Each entry that follows is to be duplicated exactly, without its images.

INFORMATION SUPPLIED Start Marker

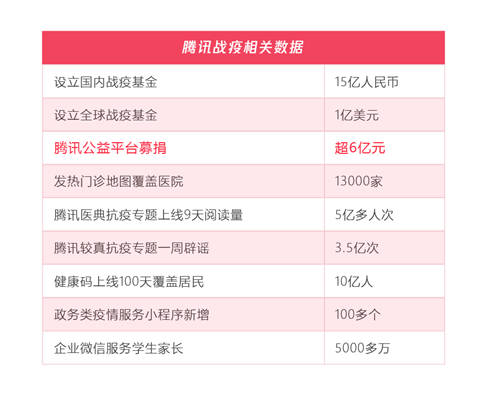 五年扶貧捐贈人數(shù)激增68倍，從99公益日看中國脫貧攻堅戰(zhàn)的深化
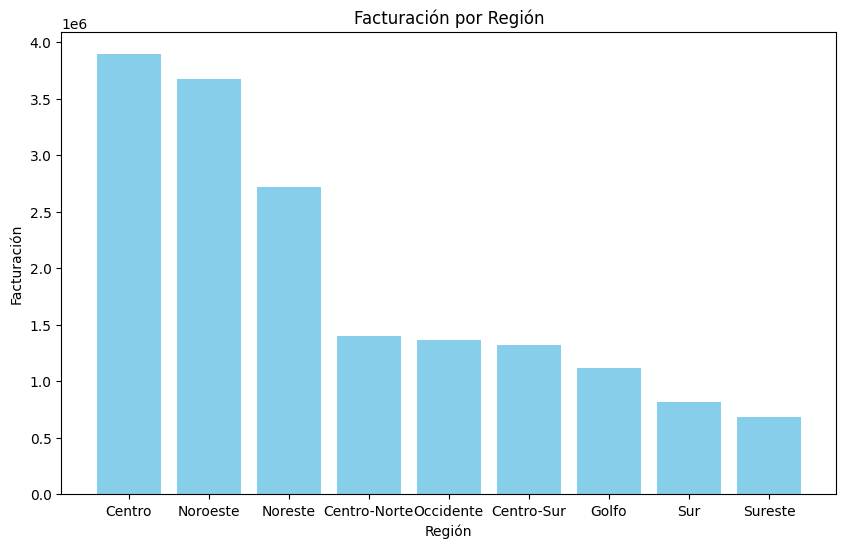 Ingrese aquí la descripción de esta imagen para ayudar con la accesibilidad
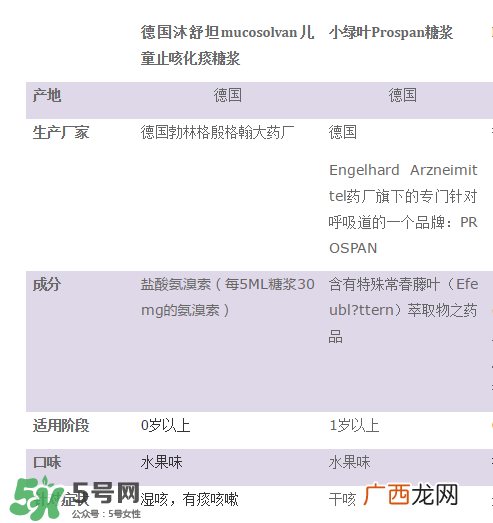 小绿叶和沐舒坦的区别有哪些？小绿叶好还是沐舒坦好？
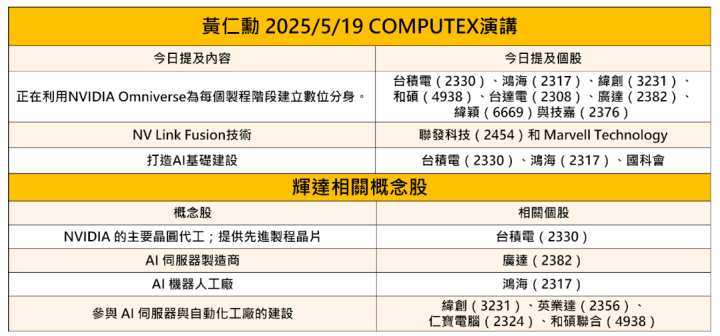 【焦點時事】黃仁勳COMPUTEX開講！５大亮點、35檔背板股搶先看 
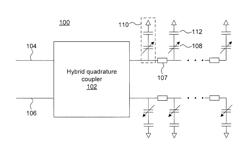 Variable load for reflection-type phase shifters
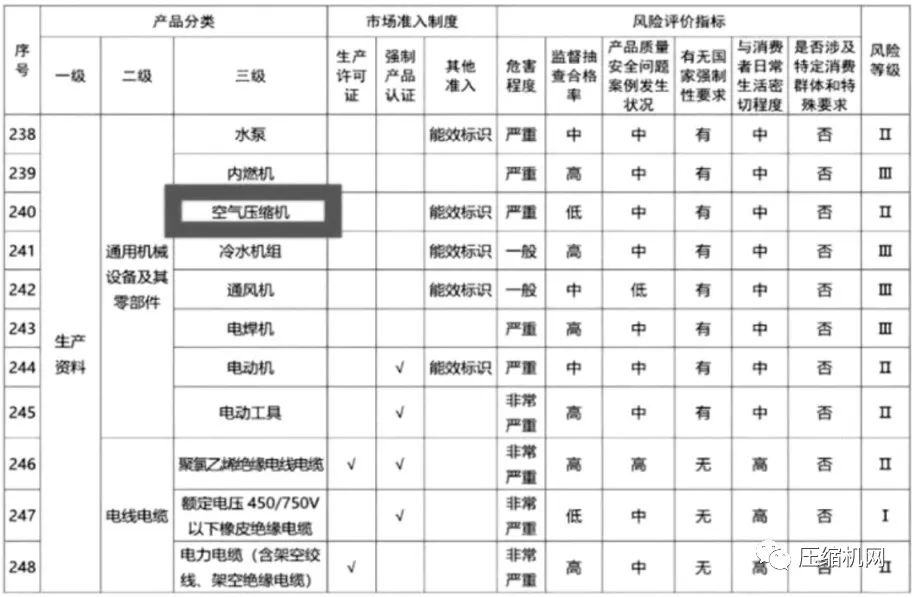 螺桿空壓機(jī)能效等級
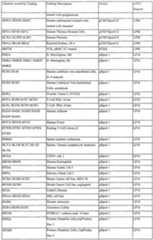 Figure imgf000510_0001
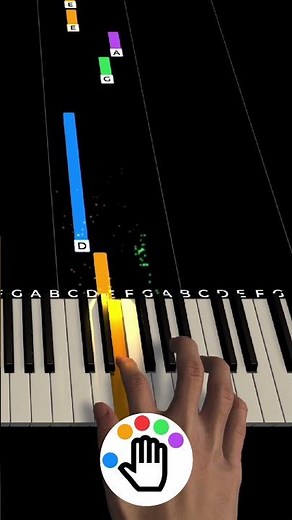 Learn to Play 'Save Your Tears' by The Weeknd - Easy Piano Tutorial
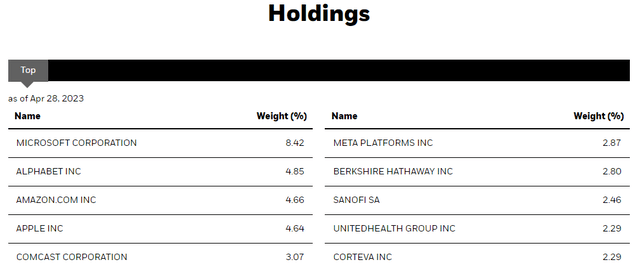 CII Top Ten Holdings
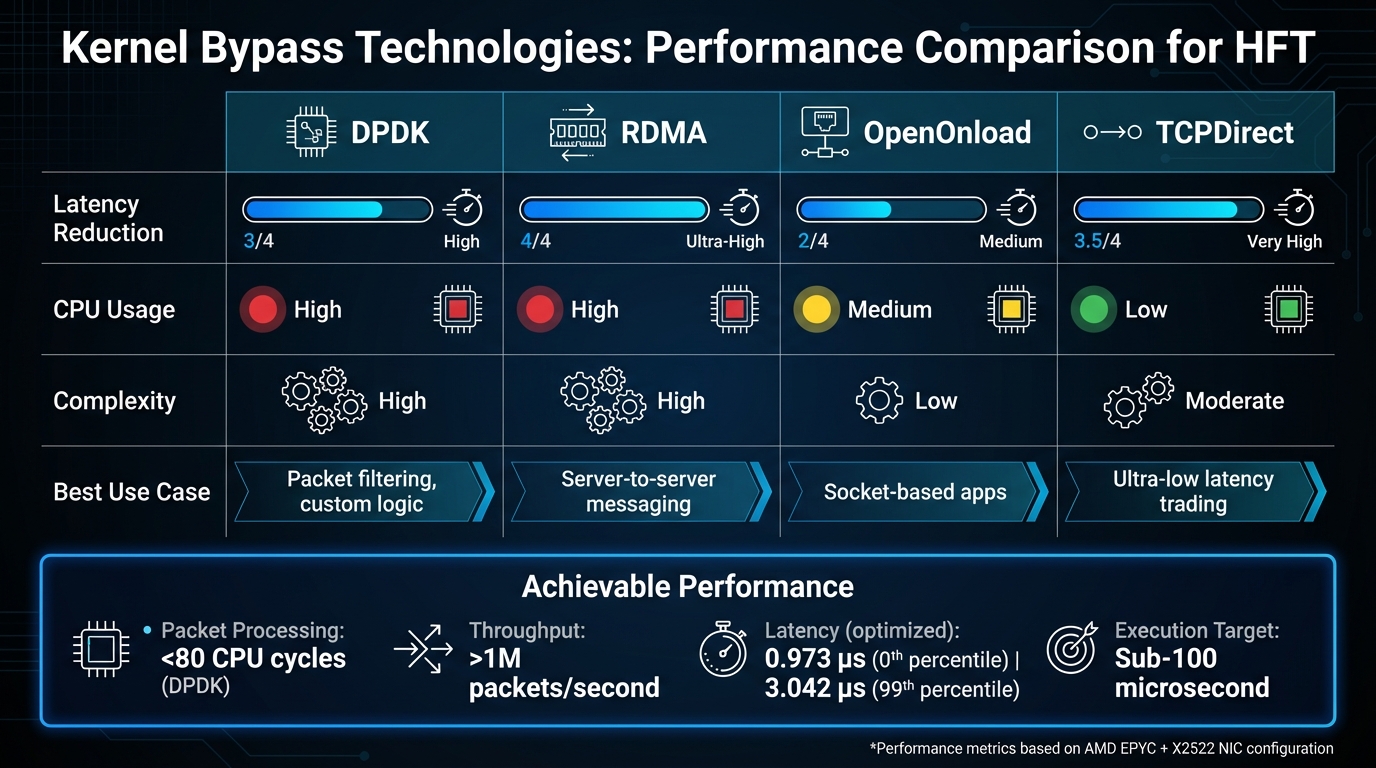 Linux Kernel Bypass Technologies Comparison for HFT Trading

INFORMATION SUPPLIED End Marker

» TASK ANSWER
 五年扶貧捐贈人數(shù)激增68倍，從99公益日看中國脫貧攻堅戰(zhàn)的深化
 Ingrese aquí la descripción de esta imagen para ayudar con la accesibilidad
 小绿叶和沐舒坦的区别有哪些？小绿叶好还是沐舒坦好？
 【焦點時事】黃仁勳COMPUTEX開講！５大亮點、35檔背板股搶先看 
 Variable load for reflection-type phase shifters
 螺桿空壓機(jī)能效等級
 Figure imgf000510_0001
 Learn to Play 'Save Your Tears' by The Weeknd - Easy Piano Tutorial
 CII Top Ten Holdings
 Linux Kernel Bypass Technologies Comparison for HFT Trading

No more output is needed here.